**Data records**.
----------------

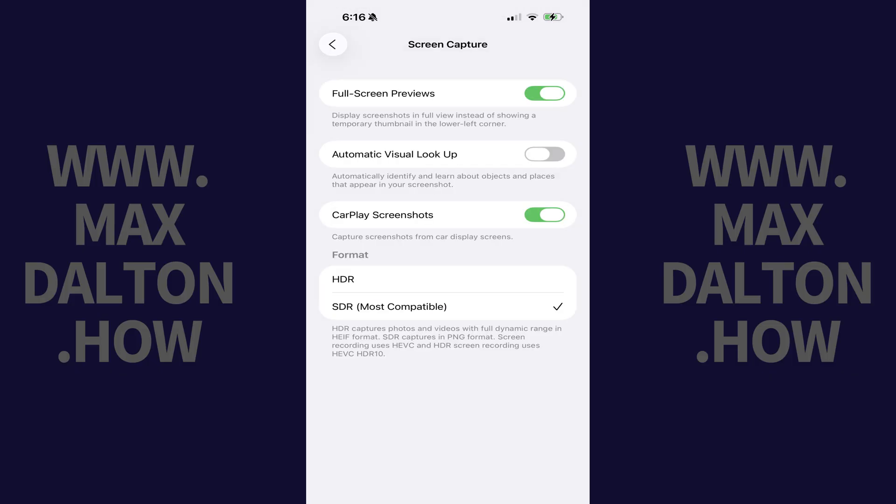The associated screen opens. Step 3: Tap to toggle off CarPlay Screenshots.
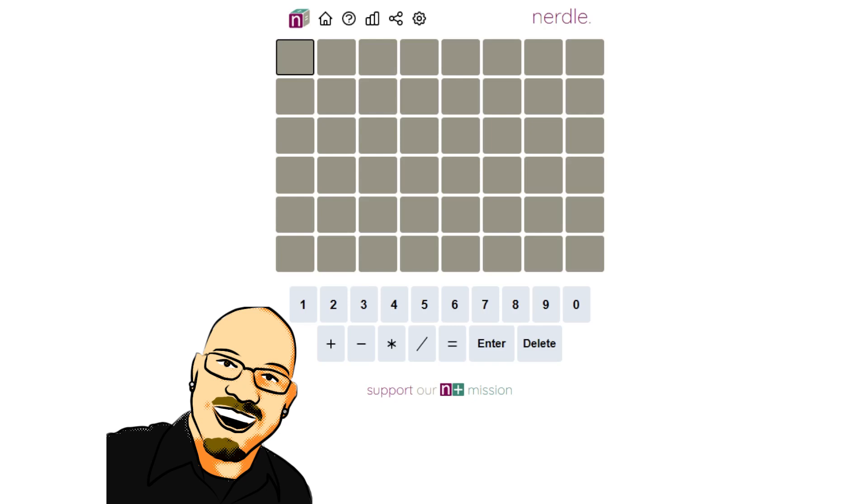Hello everyone, John here once again. It is April 6th, 2022, and we're back for the daily Nerdle.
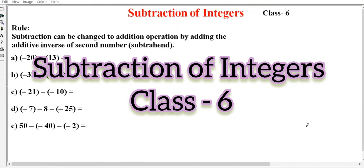Hello everyone, welcome to Math with Gayatri YouTube channel. We are beginning the topic of Subtraction of Integers.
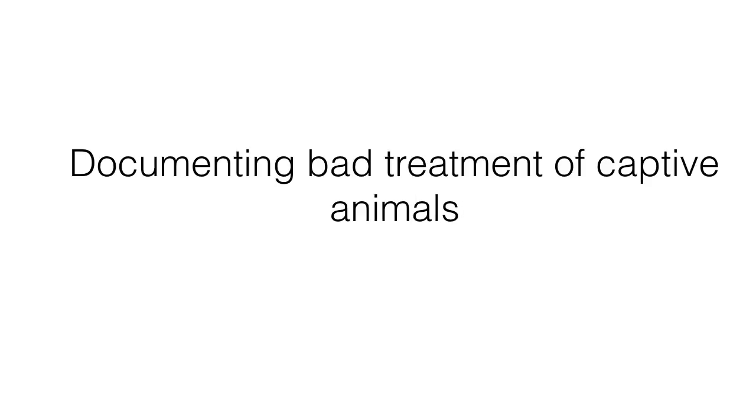There are many animals in zoos that have a horrible life. There is only one reason to photograph these animals, and that is to document the bad treatment and make an end to the madness.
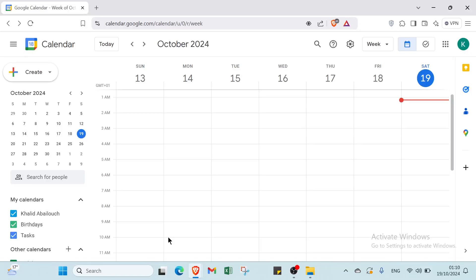Looking to take your productivity to the next level? Discover game-changing Google Calendar tips and tricks that will reorganize the way you manage your time. From smart scheduling to hidden features that will keep you organized, you won't want to miss this expert insight. Get ready to transform your calendar into a powerful tool for success. Hey guys, welcome back to another video where I will show you step by step how to use Google Calendar.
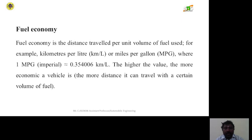Fuel economy is the distance traveled per unit volume of fuel used. For example, kilometers per liter or miles per gallon, where 1 mpg equals 0.354006 kilometers per liter. The higher the value, the more economical a vehicle is, meaning it can travel a greater distance with a certain volume of fuel.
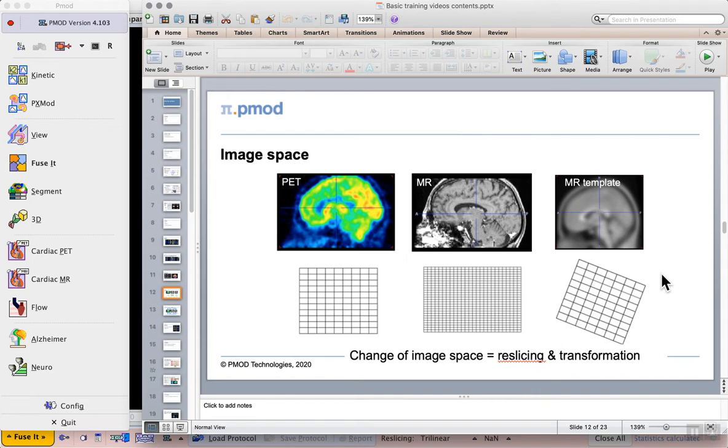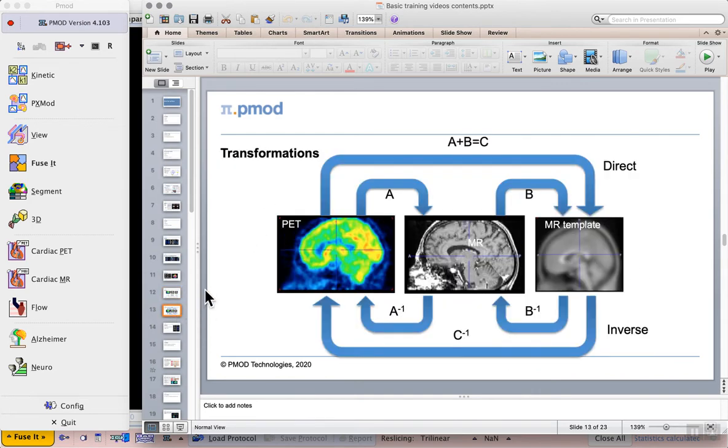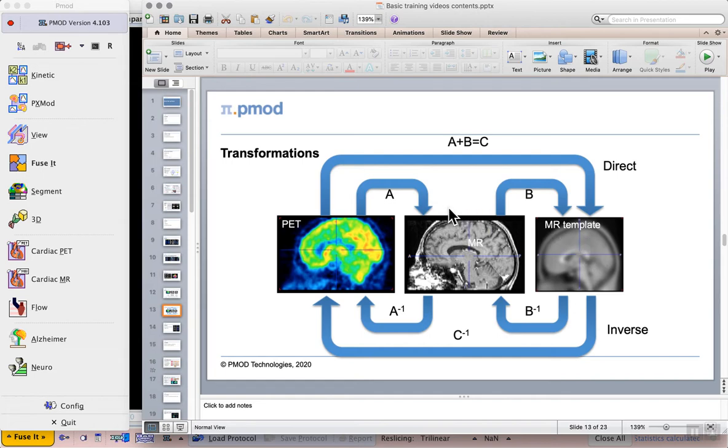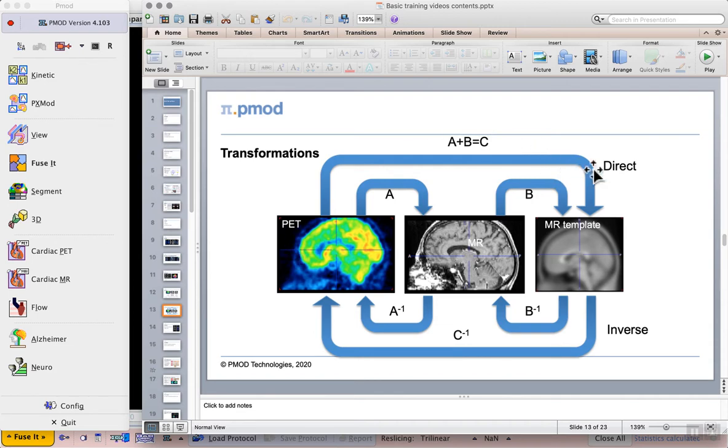If we consider these three parts of a transformation then in fact we have a transformation here labeled A between our PET and MR data and then another transformation labeled B from the MR data to the MR template. And if we were to mathematically combine these transformations so that we can go directly from the PET to the template then we would have a direct transformation C that performs that for us.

----------------

**Work request**.
Find the line with "Looking to take" in the data above, and from there retype each line exactly through the line with "Fuel economy is", skipping the pictures along the way.

**Answer to the exercise**.
Looking to take your productivity to the next level? Discover game-changing Google Calendar tips and tricks that will reorganize the way you manage your time. From smart scheduling to hidden features that will keep you organized, you won't want to miss this expert insight. Get ready to transform your calendar into a powerful tool for success. Hey guys, welcome back to another video where I will show you step by step how to use Google Calendar.
Fuel economy is the distance traveled per unit volume of fuel used. For example, kilometers per liter or miles per gallon, where 1 mpg equals 0.354006 kilometers per liter. The higher the value, the more economical a vehicle is, meaning it can travel a greater distance with a certain volume of fuel.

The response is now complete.